**Exercise objective:** Print the line containing "China Olink Car" and all lines after it, unchanged, through the end of the data. Leave the pictures out.

:: Data shown ::

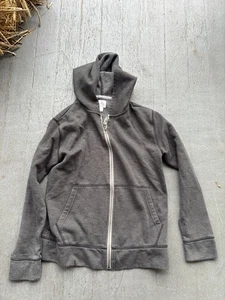 Sudadera con Capucha Crewcuts Outlet Niñas Gris Cremallera Talla XL (12-14) - Imagen 1 de 3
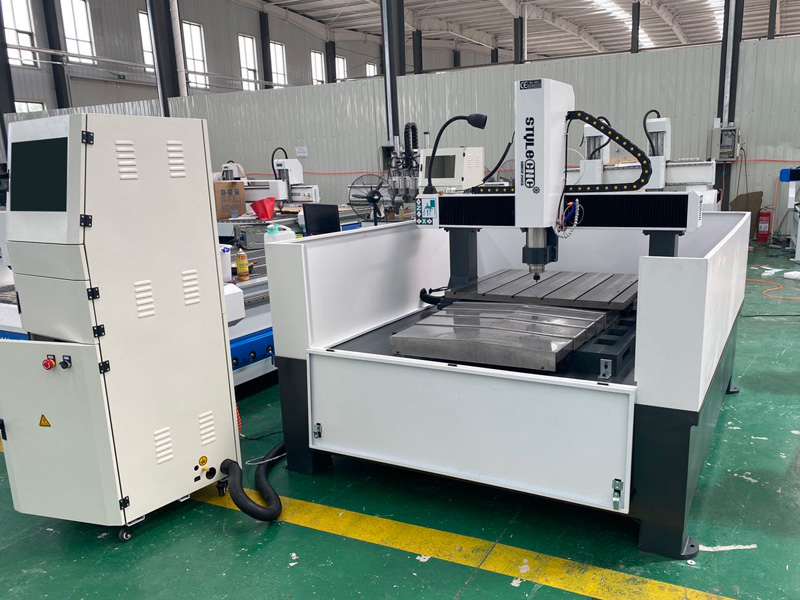 用于金屬銑削、雕刻和鉆孔的數控銑床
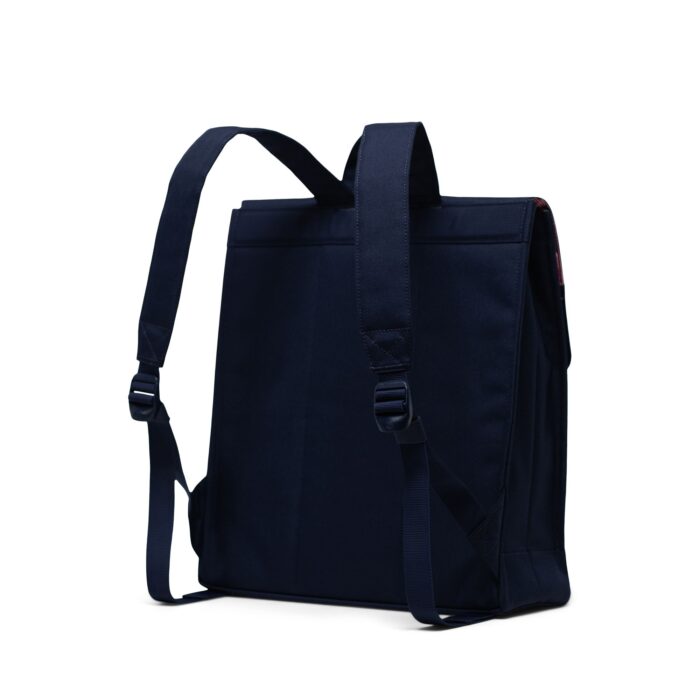 HERSCHEL CITY MID BACKPACK PEACOAT CHICORY COFFEE - Image 4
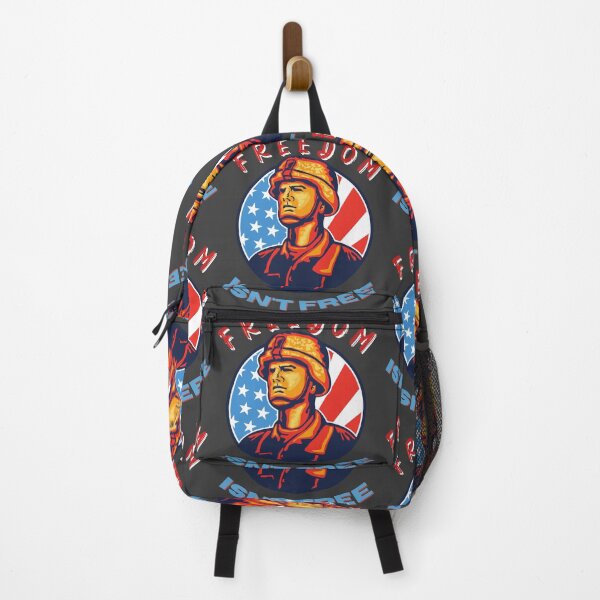 Item preview, Freedom Isn't Free design designed and sold by Constant Readers.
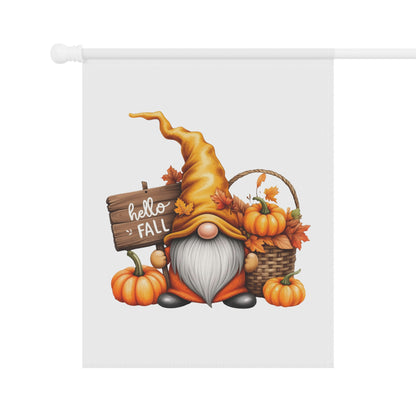 Garden Banner Fall Gnome Autumn Decoration Outdoor Sign Welcome Banner Seasonal Home Decor Thanksgiving Decor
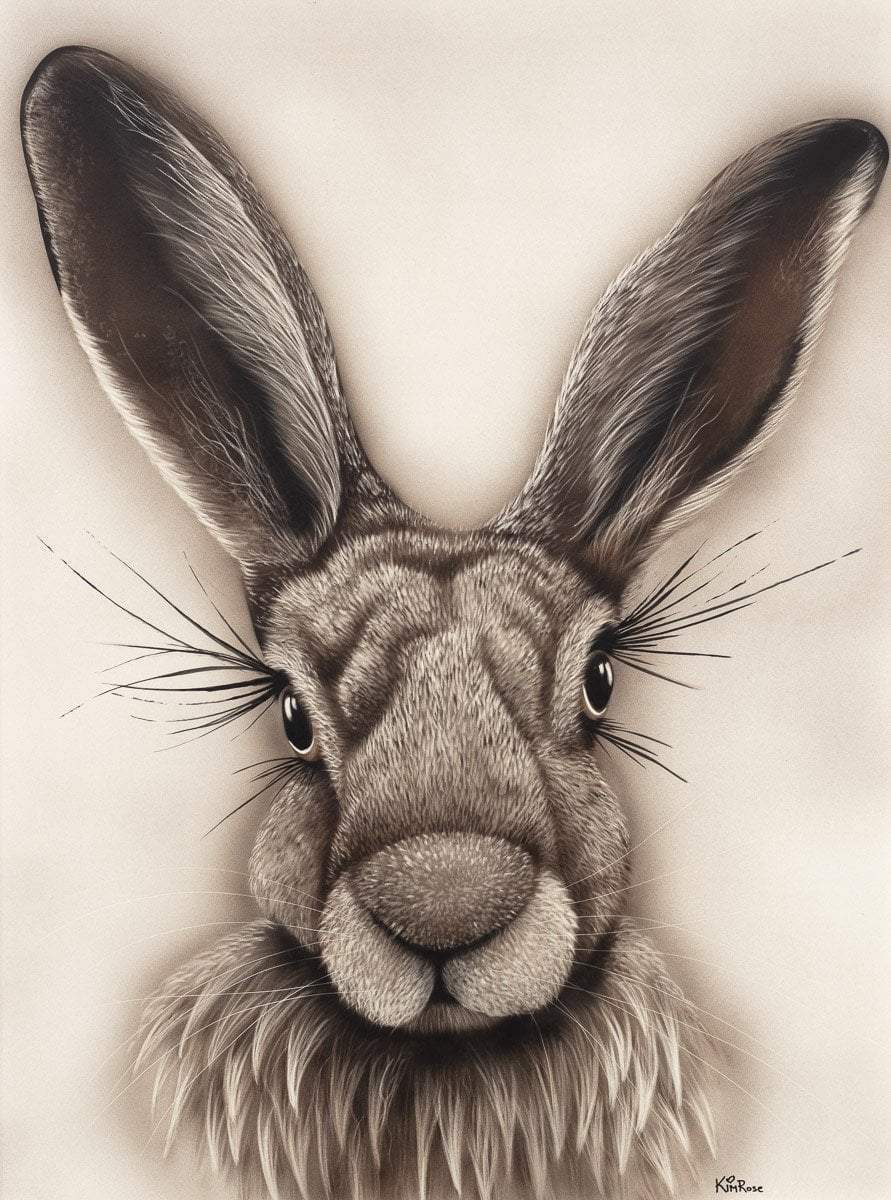 Hazel - Original - SOLD by artist Kim Rose - Wyecliffe Galleries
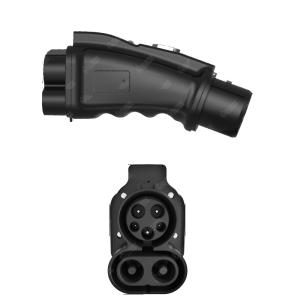 China Olink Car Charger Fast DC Charger Ccs1 to CHAdEMO Adapter DC EV Adaptor Chademo Ccs1 Adapter factory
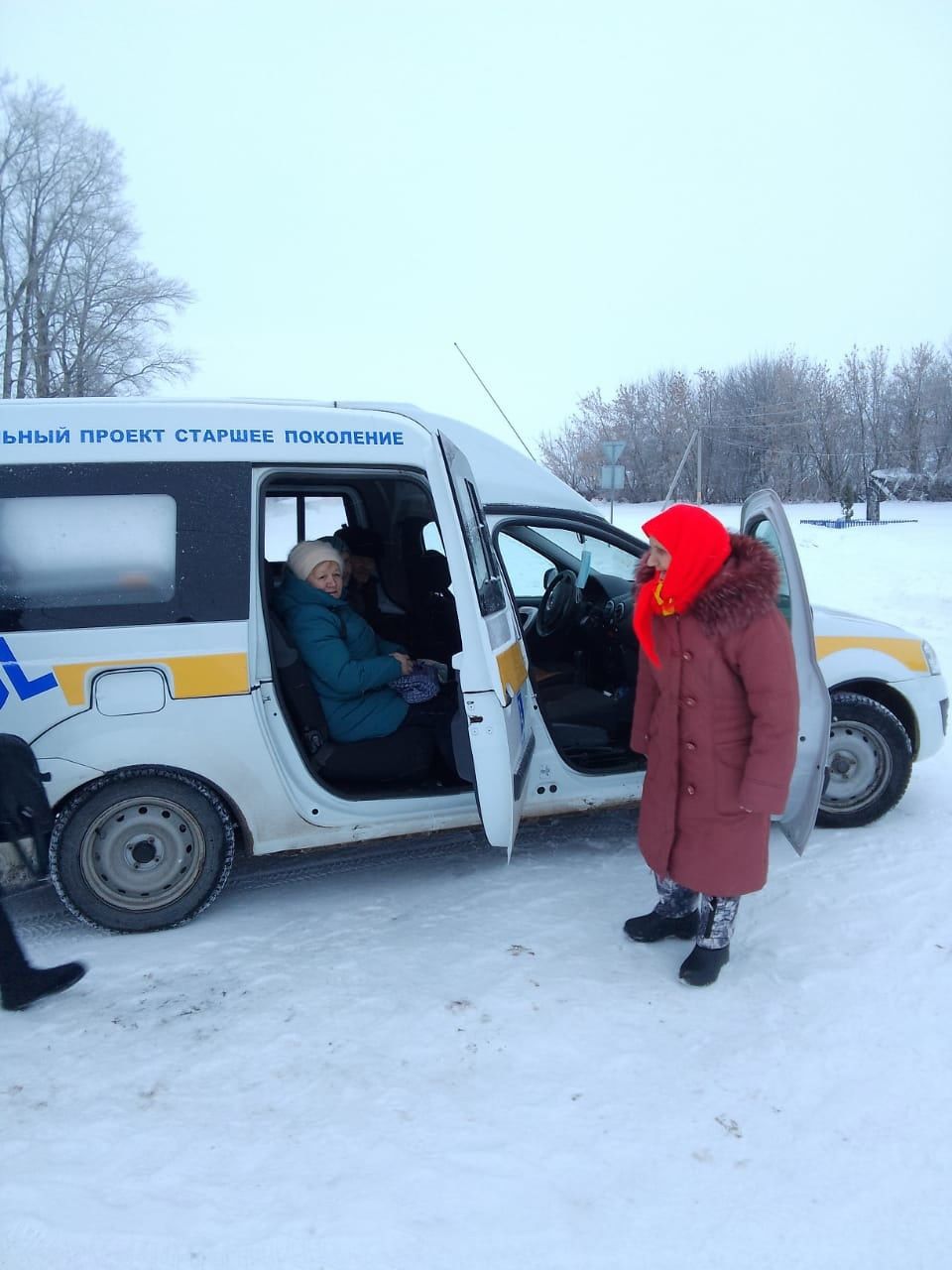 Продолжается диспансеризации в Тетюшском районе.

:::

**Solution to this task:**
 China Olink Car Charger Fast DC Charger Ccs1 to CHAdEMO Adapter DC EV Adaptor Chademo Ccs1 Adapter factory
 Продолжается диспансеризации в Тетюшском районе.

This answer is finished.